A Game Boy Console Playing Tetris Over The Internet
(Image credit: stacksmashing)

Nintendo's 1989 Game Boy console continues to impress as hardware engineers have successfully hacked the handheld into playing a game of Tetris against another player - over an internet connection.

The hardware hackers, going by stacksmashing on YouTube, explained how they took the console's native local multiplayer support using the proprietary link cable connector and tricked the aging handheld into playing a game of Tetris over the internet by making it think it was sharing a direct connection with another Game Boy.

It took some programming skill on the part of the engineers, however: they used a Raspberry Pi connector that fed the data sent to the link cable into a custom PC client, which then sent the data to a dedicated web server, which then fed that data to another Game Boy handheld.

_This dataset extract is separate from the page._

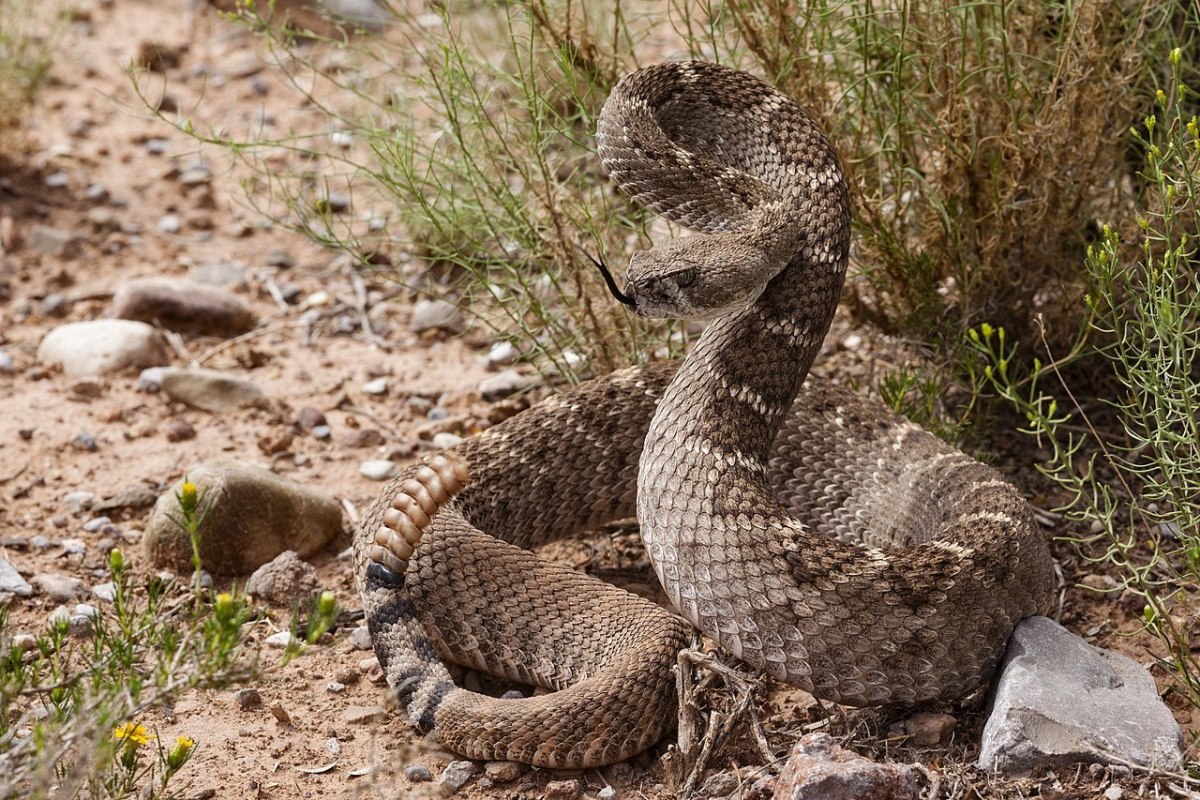 The highly venomous (and deadly) western diamondback rattlesnake.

The link cable interface protocol isn't generic, so as TechCrunch notes, each game would have to have the protocol adapted to get it to work with the web server in a similar fashion to their Tetris example. But stacksmashing demonstrates that such a thing is possible, so in theory any Game Boy game that utilizes the link cable for local multiplayer could be played online.

There's even a Discord channel for interested retro gamers and custom boards are being planned to better interface the link cable to the Raspberry Pi (rather than having to cut open the cable and connect the wiring to the board yourself). Stacksmashing has also open sourced the code they used, so anyone who wanted to try their hand at playing the original Dr. Mario online can give it a go.

Old tech never really dies

Stacksmashing made news earlier this year when they hacked the Game Boy to mine bitcoin (albeit at a snail's pace) and a clever hardware hacker managed to get a modded SNES console to produce real-time ray-traced graphics.

While most people often look at old tech as useless clutter that's taking up space in drawers, closets, and basements across the world, in reality there's often very little actually wrong with the underlying hardware. There's even a whole generation of homebrew programmers who are writing new, exciting, and frightfully original games to run on the Game Boy console more than three decades after it first took the world by storm. 

Sure, it may be underpowered (nobody's saying you can play Resident Evil Village on an SNES in all its ray-traced glory, after all), but processors, memory, and electronic circuits are incredibly versatile things and there's nothing stopping them from being repurposed to do all sorts of things the original creators of that technology never imagined.